Company culture is the hidden hand that shapes your business. Having a strong company culture makes all the difference when it comes to retaining employees and fulfilling their expectations of you as a business.
Your companies’ culture reflects what your organization stands for and as the voice of your business, your employees are key to ensuring that it succeeds. It’s no secret that if you can provide a work environment that your staff enjoys spending time in, it can boost overall performance.
Property management is a demanding role. Whether you’re dealing with property owners, tenants, maintenance contractors or co-workers, someone is always trying to get a hold of you to present you with a new issue. It’s easy to get stressed out and overwhelmed especially when you are in a negative environment with poor company culture.
According to Deloitte’s 2018 Global Human Capital Trends report, a whopping 88% of all respondents regarded “Company culture” as crucial for business success. Compare this to the mere 12% that thought their organization was “driving the correct company culture,” and it’s clear to see that most businesses are falling short of providing a great company culture.
Keep reading to learn five simple steps to lay the foundation to grow a robust company culture at your workplace or business.
Build a foundation.
Step one in building a strong property management company culture is to create discussion about core values among all staff members. What does the company want to be known and remembered for? How do the company’s overall goals align with your staff and their values? Does the company value hard workers that stay late and exceed goals? Or do they pride themselves on a healthy work-life balance that enables employees to work at a pace they dictate?

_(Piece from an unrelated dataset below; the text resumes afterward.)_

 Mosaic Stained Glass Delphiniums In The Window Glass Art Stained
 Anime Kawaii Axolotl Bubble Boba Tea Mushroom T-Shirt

Make sure before asking these questions to your team you create a relaxed, calm environment where all employees feel comfortable to discuss company issues, morals, values, etc.
The answers should help you generate a set of values that you and your employees want the company culture to reflect.
Don’t be a clone
While it’s entirely reasonable for a business to aspire to be like another, there’s no denying that the best kind of company culture is unique and one of a kind. When you get caught up in trying to replica another organization, you lose the essence of your own companies’ values, resulting in a watered-down version of what you were trying to achieve; a mediocre company culture that doesn’t inspire anyone.
Be bold, be adventurous and be open when creating with your team. The best company culture for you hasn’t been discovered yet.
Put it into Action
Once you have compiled a short list of core company values, it’s time to put them into action! Share your new company values around your team internally via employee communication. For them to be taken seriously, refer to them on a regular basis, ensure your leadership staff adheres to them and that their actions reflect the core values of your company culture.
To further implement company culture, your values should help guide hiring decisions and questions that you ask potential candidates; this allows new staff to already be in line with company values and makes it easy to onboard and educate them on your business culture.
For your businesses company culture to flourish your values must be mirrored in day-to-day activities and processes. For example, if one of your companies’ values were to become a fully sustainable office, it would make sense that you turn into a paperless office and restrain from printing paper out unless it was utterly unavoidable.
Assess Company Culture Regularly
Like anything in business, your company’s culture requires continuous nurturing and monitoring. As your company grows so will your core values and culture efforts. Typically businesses with a robust company culture will conduct annual “all staff” surveys that gauge whether or not companies current culture is heading in the right direction or if it needs to alter paths.
It’s never too late to create a positive culture for your staff. Even businesses well past their start-up days can redesign and create a culture that instills pride among staff and attracts a large pool of talented job applicants wanting to work for you.